Interestingly the conversations we did have were about what needs we had that we could meet for each other. He didn't have a specific fetish identity although he found it interesting to see me engage in my interests. We also enjoyed a variety of each others' kinks- for instance, he would enjoy my exhibitionism while I'd enjoy him being the voyeur while I enjoyed sex with other women.
Early in the relationship with my ex, he had to walk me through the emotional issues of Tom (the dominant who was the first inspiration for The Queen in Vala's Story) deserting me; that isn't a story I want to tell here. Thankfully we met my Master at a goth club, although I already knew of Him by reputation. He gave me a few months of time to stop waiting for Tom to change his mind, but eventually His message of "shit or get off the pot" reached through my growing desperation around "Tom doesn't want me." It started off as vanilla sex. Then the day happened that I was riding Shaman, ex in the room watching, and in the middle of orgasm, I murmured, "Master." We were on our way to the collaring at that point.
Now I need to step back just a moment into those months. Part of my depression was the lack of my BDSM fetish needs not being met. Ex and I tried. We tried me acting as the Top and as the bottom to ex, not at the same time of course. Neither worked. I couldn't respect him as a dominant and I didn't gain anything more than a crass amusement as dominating him- so yes, for those who wonder, I'm not a switch, even if I can write them :D.
So to answer 2 of Katherine's questions, I understand what monogamy should be (happy, healthy, fidelous coupling), but I would never choose it for myself. It has never been at all a positive experience the few times I've tried it. However, if someone is monogamous or if they decide to break the agreed upon boundaries for their polyamory (that failure to keep poly-agreements is part of why ex is an ex), I feel that is cheating.
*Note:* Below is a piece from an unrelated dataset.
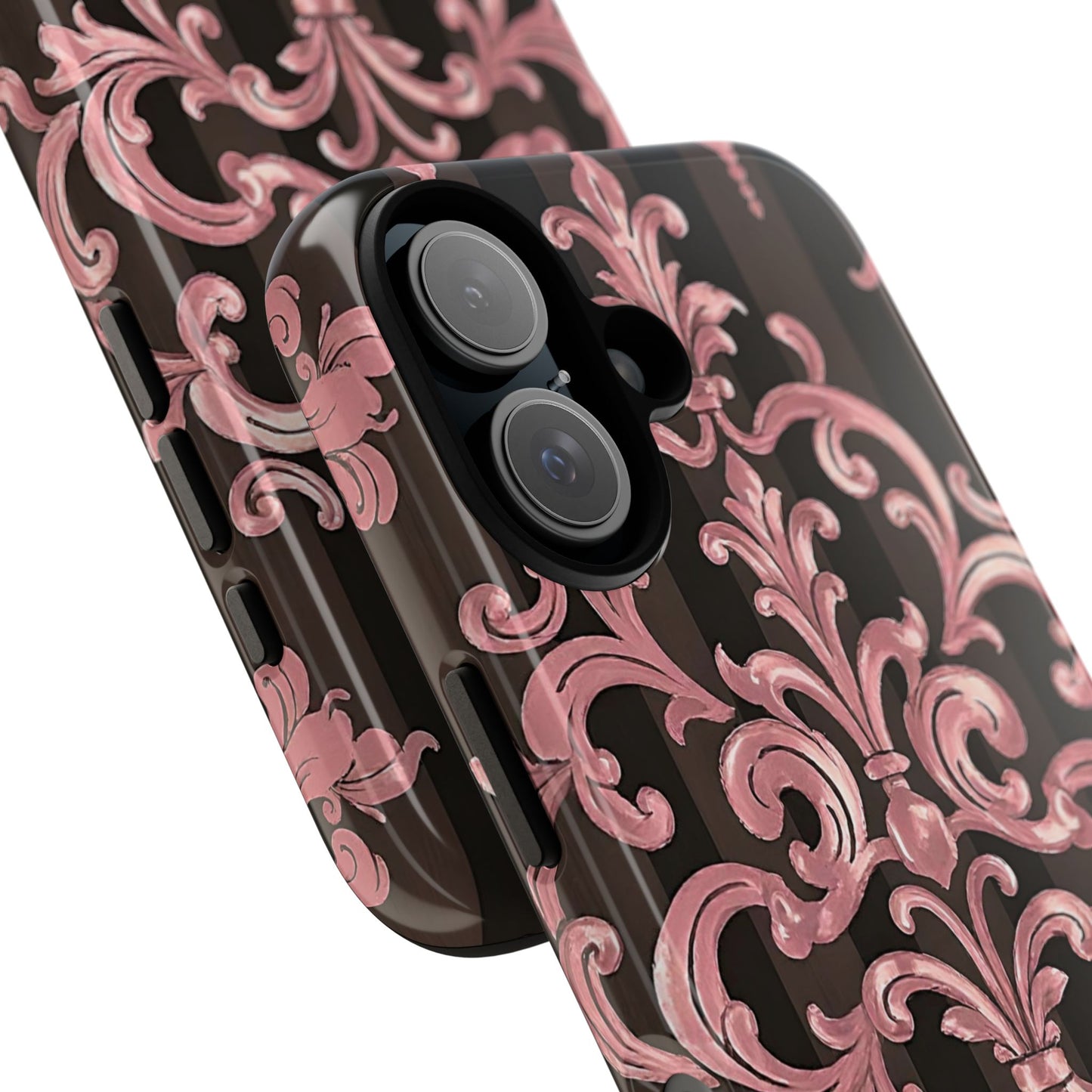 Elegant Floral Motif Phone Case - Tough Cases with Vintage Design - Brown Striped Mauve Damask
Considering my strong feelings about what cheating is and against the act itself, I wouldn't get involved with someone who is not open to my kinks from the very beginning if monogamy was expected. At the price of losing my virginity to rape at 13, I figured out quickly what I actually wanted, both sexually and in life in general. And while it has made me a "sexual outlaw"- to borrow Pat Califia's phrase- I refuse to disavow what I want sexually, even if in the face of current relationship struggles with my Master, He isn't meeting the needs He could meet.